Two common experiences were the lack of interaction with the article post translation and rarely measuring or tracking impact of their activities.

  • Both participants and organizers rarely interacted with the article content post translation. In a few cases, there were some article improvement campaigns or they added articles to their watchlist if they were really interested in the topic. This lack of interaction is an opportunity to remind them to check or update previously translated content so that articles remain updated.
  • There was an interest in understanding and tracking the impact of their contributions but a lack of awareness as to how to go about it. Organizers sometimes checked impact, for example by tracking the gender gap, and participants by checking their page views and edit count. Since this study skewed towards experienced editors, it's possible that their motivations are more intrinsic but there is scope to explore this further.

Recommendations for organizers experience

edit
  • Since curation is a challenging task for organizers, they would benefit from some assistance, whether it’s working collaboratively on a list or helping to evaluate source articles.
  • Organizers' have concerns about abandoned articles that stay in the participants’ drafts folder. Could some sort of indication be given to participants to remind them to either complete the translation or relinquish the article.
  • Some offline events required sign-off from the organizer on the articles to ensure that it was well-translated. How could this be replicated online to reduce burden on the jury and patrollers and avoid mistaken deletion of content?
  • While this study didn’t find any examples of participants working collaboratively on the translation of an article, Project Med is working on a functionality to give credit to multiple translators. It may be worthwhile to keep on any such need arising in language wikis.
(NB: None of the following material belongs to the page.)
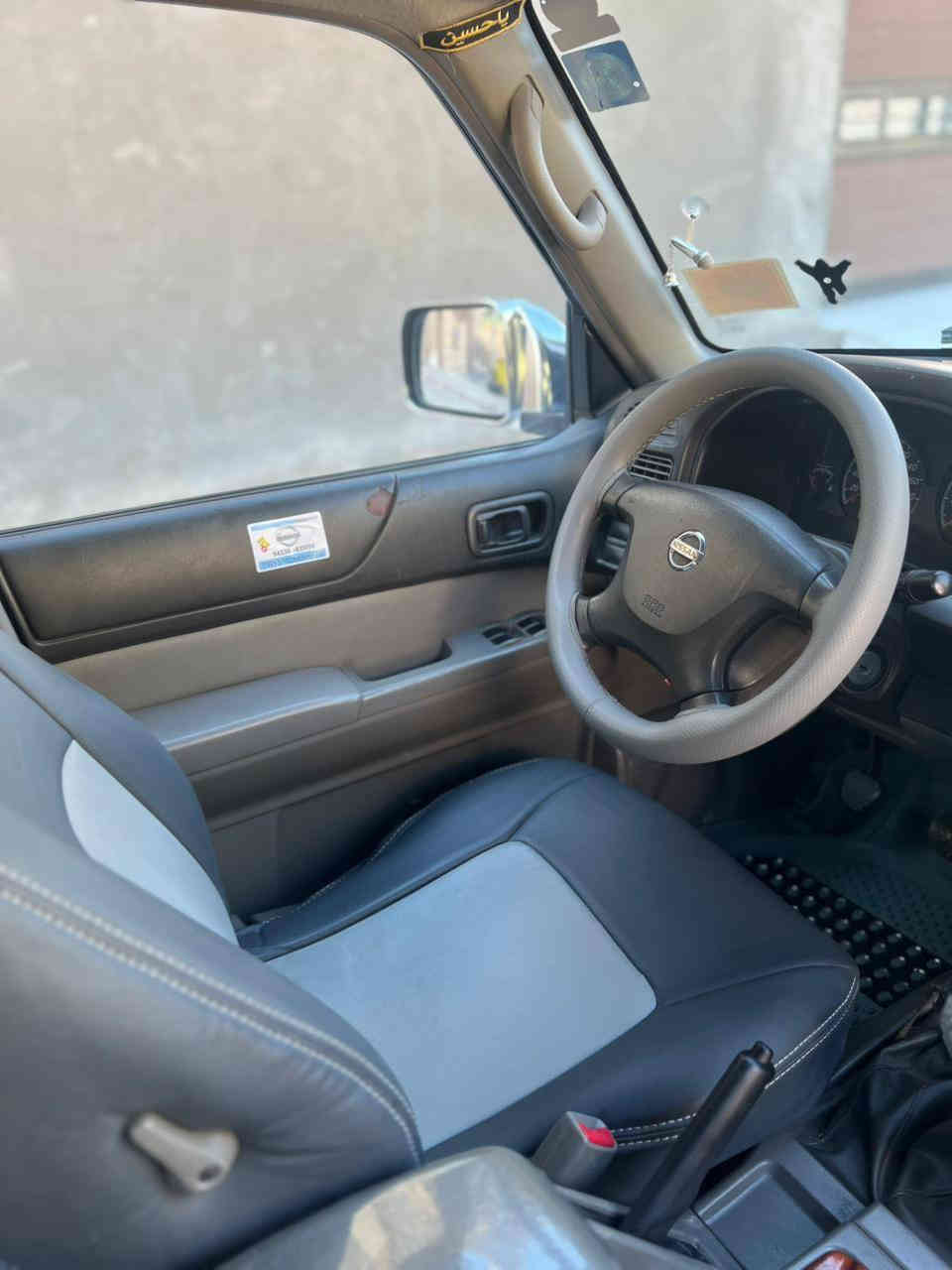 سلام عليكم للبيع نيسان باترول مديل 2002  مكفوله  من صبغ وتبديل رقم بغداد الدولي بسمي لشراي يتصل هاذا رقمي ***********
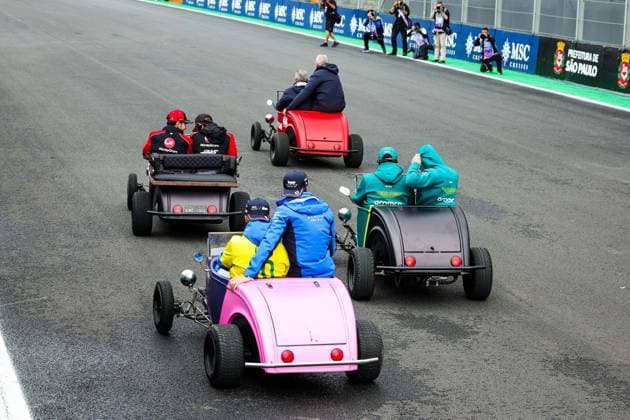 F1 - SAO PAULO GRAND PRIX 2025 All drivers racing during the drivers™ parade during the 2025 Formula 1 Grande Premio de Sao Paulo, 2025 Sao Paulo Grand Prix, 21th round of the 2025 FIA Formula One World Championship, WM, Weltmeisterschaft from November 7 to 9, 2025 on the Interlagos, in Sao Paulo, Brazil - Sao PauloBrazil  Copyright: xFLORENTxGOODENx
Recommendations for participants experience

edit
  • One of the concerns around making the article list publicly accessible on the CX tool was about any editors mistakenly participating in an event, campaign/competition lists could be segregated until the event runs its course.
  • A request from organizers was assistance for participants on info box templates for the language they’re translating into. If there’s a way to automate it or possibly give some more context to the issue raised. It was the same for any content that was not being translated. together in an article. This didn’t arise from this research, it could be something to watch out for.
  • There are requests to integrate models such as DeepL that could potentially improve translations.
  • Organizers recommend newcomers to start editing in desktop mode when on their mobile. This is to counteract the tendency of newcomers to publish prematurely. This suggests that newcomers don’t pay sufficient attention to the warnings issued by the tool on modifying the translation or even if they modify the content, they’re not aware that they haven’t completed translating the article. Newcomers may not be aware that their article is incomplete and has been added to the tracking category for the community to review and may not get published. There needs to be some reinforcement of these warnings to notify the participants of the consequences of prematurely publishing.

Resources

edit

A note on terminology - ‘Collaborations’ and ‘Collections’. In general, there may be a lot of terms used for this type of thing, and it’s not clear what terminology community groups may use. That said, “collaborations” was a WMF renaming of “community lists” to refer to collaborative editing group activities (e.g., edit-a-thons). Currently the LPL Team is referring to sets of contents that could be worked on in connection with an event or organized effort as “collections”. Collections are lists of content, which aligns with the notion of knowledge gaps; that is, they are content-focused, whereas collaborations describe human activities and efforts. Collections may be used by collaborations.